The common case is that the number in the document is in "+1 aaa bbb
cccc" format and this is also what the user enters.

with or without spaces? and how do you want to search on these? partial
matching? full matching?

With spaces, exactly like I wrote. It probably makes more sense to store it as just the number and strip any non-numeric characters from the user's input, though. I'd want to match on either the full number with country & area code, as well as plain prefix/suffix; so +10005551212, +1 000 555 1212, 000 555 1212, 555 1212 should all match "+10005551212".

If full matching, then I'd remove all spaces before and possibly prepend
a +1 to make all your phone numbers uniform, then use a term query.
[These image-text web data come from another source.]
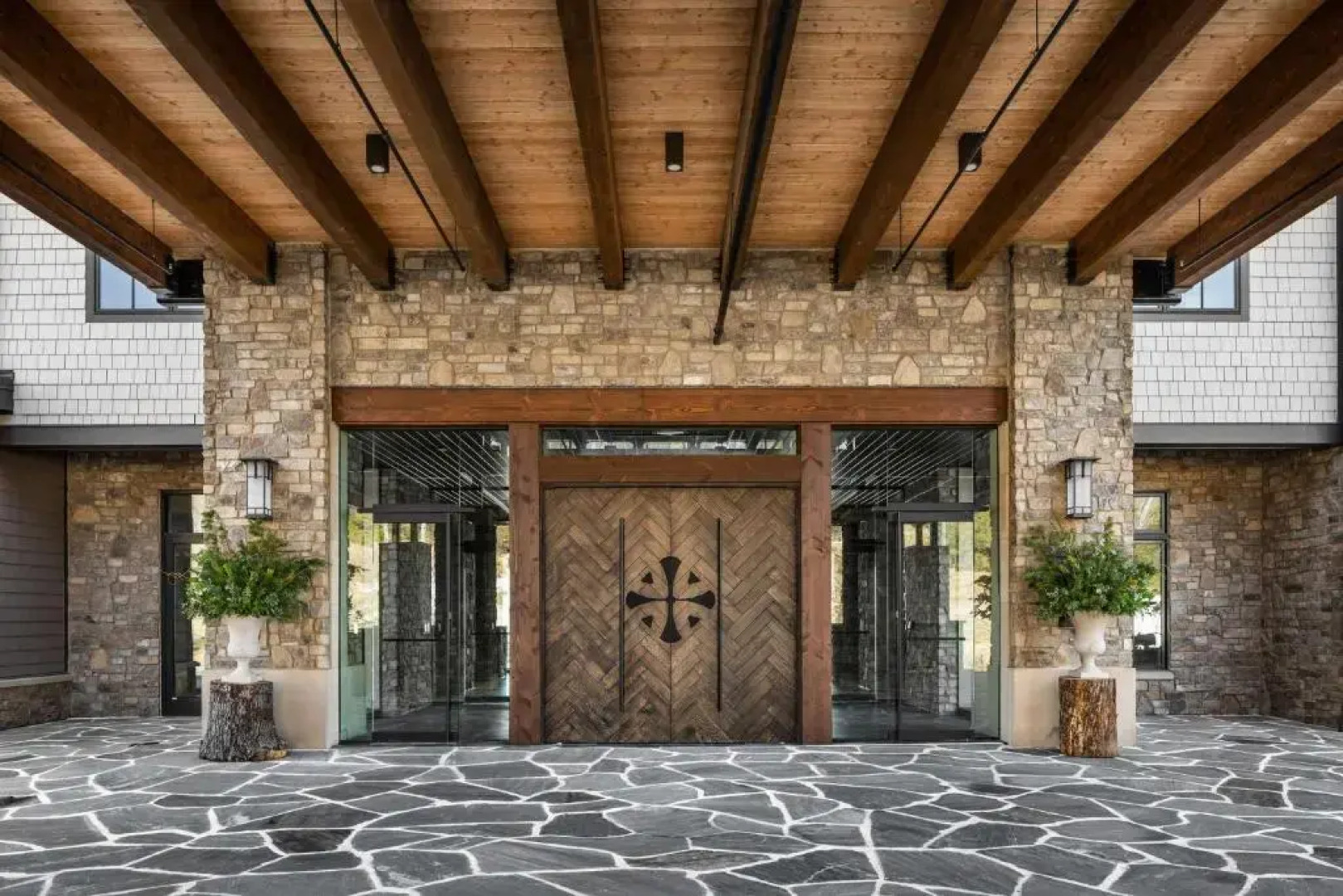 Cloudland At McLemore Resort Lookout Mountain, Curio by Hilton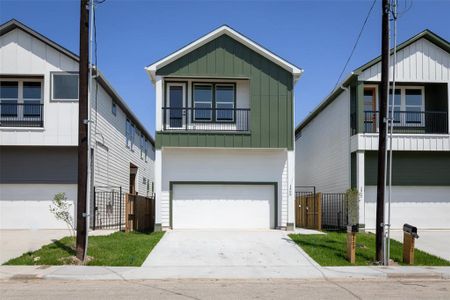 New construction Single-Family house 1509 E 31St Street, Houston, TX 77022 - photo 1 1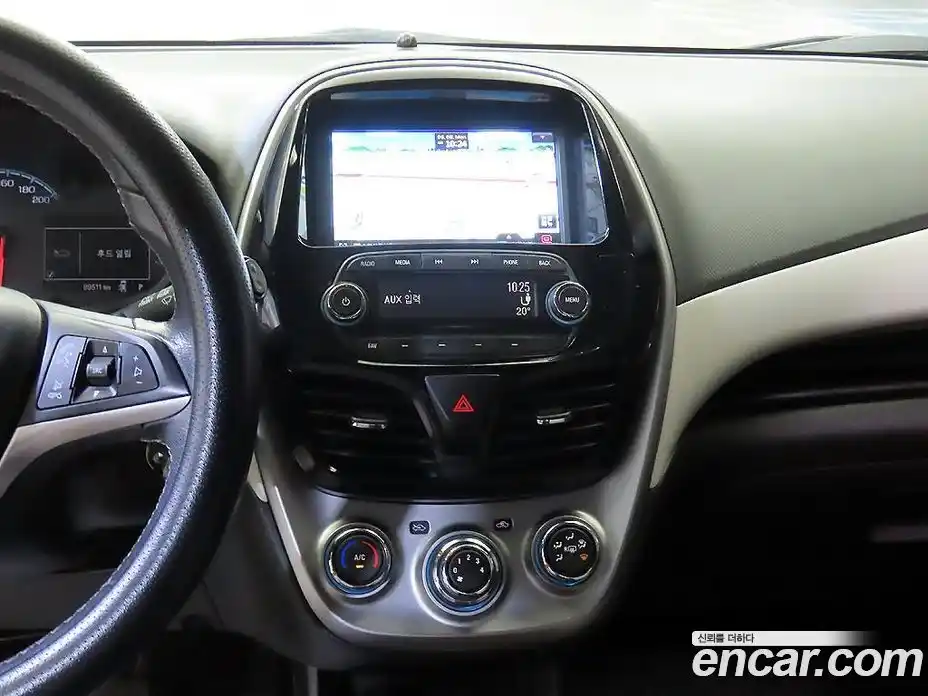 Chevrolet Spark 2017 1.0 автомат (гидро), фото 11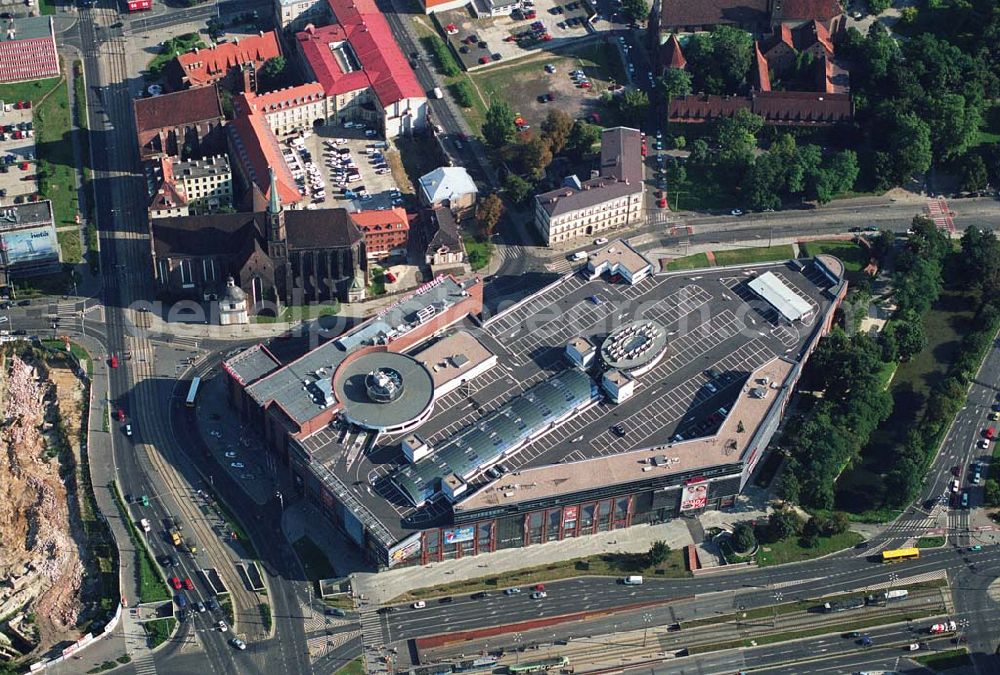 Wroclaw (Polen) from the bird's eye view: Blick auf die Galeria Dominikañska in Wroclaw, einem Shoppingcenter der ECE Projektmanagement G.m.b.H. & Co. KG. Das Geschäftshaus im Stadtzentrum wurde am 17. August 2001 eröffnet und beherbergt verschiedende Fachgeschäfte, einen Supermarkt, einen Fachmarkt für Unterhaltungselektronik, Serviceeinrichtungen, Restaurants und Cafés auf 3 Ebenen und ca. 32.500 qm. Galeria Dominikañska, Pl. Dominikanski 3, 50 -159 Wroclaw, Tel.: 0048-71-3449510, Fax: 0048-71-3449529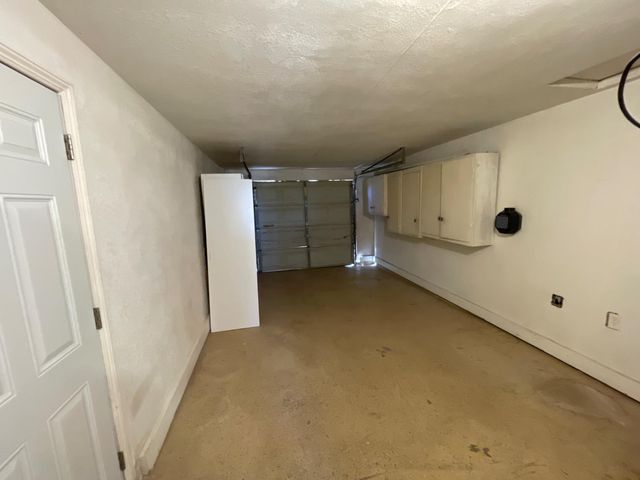 941 E E St, Oakdale, CA 95361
I have documents with international numbers, too. I think a substring match is what I want.

kimchy · July 15, 2011, 10:04pm

Note, when doing term query, there is no analysis happening on the text provided to it. Use the text query for it.

On Saturday, July 16, 2011 at 12:06 AM, Ian Eure wrote:

On Jul 15, 2011, at 11:49 AM, Clinton Gormley wrote:

Note: no point in using a dis_max query with only one query -
doesn't
make sense.
Hm, okay. I'm porting stuff from Solr, and it definitely made a
difference there — I guess ES doesn't break down the query into words
to build the DisMax query like Solr does.
No, the dis_max query in ES is used to score separate queries. It
chooses the best matching query, as opposed to bool query, which is
additive.

Elasticsearch Platform — Find real-time answers at scale | Elastic
Yes, I tried this — I believe you suggested it in IRC — but it only
tells me how my input text is analyzed. I could use this to see how
_all is broken down, but I'm not sure how that is constructed from my
input document, and it does not appear to be possible to fetch the
_all of a document. I updated my mapping to make _all stored, and
included it in the `fields' portion of my query, but it is not
returned.

By default, the _all field uses the 'default' analyzer. So it takes all
of the fields, and runs the default analyzer on them. The analyzer that
is defined on the field doesn't affect how _all analyzes.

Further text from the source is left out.